En nuestro país, tal como ocurre también el 11 de octubre, día de la mujer boliviana, la jornada se presta para hacer una evaluación sobre los avances, estancamientos y retrocesos que se registran en el proceso que conduce hacia la equidad de género.
Al hacer el balance, lo primero que debe llamar la atención es que la causa de unas relaciones más justas y equitativas ha logrado más conquistas que durante los muchos milenios anteriores.
En efecto, apenas algo más de un siglo ha transcurrido desde que en un día como hoy, una huelga de trabajadoras textiles estadounidenses sentara las bases de un proceso ininterrumpido de conquistas que en muchos aspectos ya no hay puntos de comparación. Son tan profundos los cambios, que la presencia de mujeres en los principales escenarios económicos, políticos o culturales es ya tan habitual que a las nuevas generaciones les resulta difícil imaginar algo diferente.
Sin embargo, y sin desmerecer esos logros, una mirada a la agenda informativa internacional, nacional y local resulta suficiente para comprobar que los avances empalidecen cuando se los compara con lo mucho que falta por hacer. En todo el mundo –y Bolivia no es una excepción-- la causa de la equidad de género está lejos de llegar a la inmensa mayoría de las mujeres para las que las leyes y los discursos no han sido suficientes para transformar, por lo menos no en la medida de lo esperado, sus condiciones de vida cotidianas.
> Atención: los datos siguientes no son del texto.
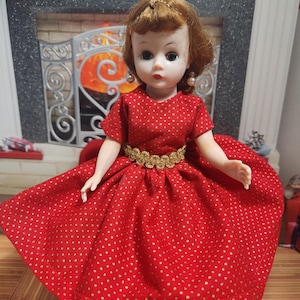 May include: A vintage doll wearing a red dress with gold polka dots and a gold belt. The doll has short brown hair, pearl earrings, and is posed in front of a fireplace.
Los datos que dan cuenta de lo lejos que todavía estamos de una sociedad en la que ser mujer no sea una desventaja son abundantes. Indicadores como pobreza, violencia, analfabetismo, empleo, seguridad social, equidad salarial, entre muchos otros coinciden, sin excepción alguna, al señalar que las mujeres siempre llevan las de perder.
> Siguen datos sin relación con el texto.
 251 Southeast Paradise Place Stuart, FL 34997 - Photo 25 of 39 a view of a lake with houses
Esa paradójica relación entre los muchos éxitos y las no menos frustraciones de la causa femenina se manifiesta de muchas maneras. Se destaca, por una parte, la mayor independencia y libertad que les da a las mujeres la posibilidad de controlar su propia maternidad y la posibilidad de obtener sus propios ingresos económicos sin depender del rol proveedor masculino. Como contrapartida, sobresale la violencia de la que con creciente frecuencia y crueldad son víctimas las mujeres que se resisten a someterse pasivamente a las funciones heredadas.
Tan notable contraste indica que cambios tan profundos como los que están en curso en las relaciones entre hombres y mujeres son mucho más difíciles de lo que sería de desear. Lo que lejos de ser motivo de desaliento, debe dar lugar a una mirada más serena, comprensiva y desapasionada sobre la real dimensión de un desafío ante el que los deseos y la voluntad no resultan suficientes.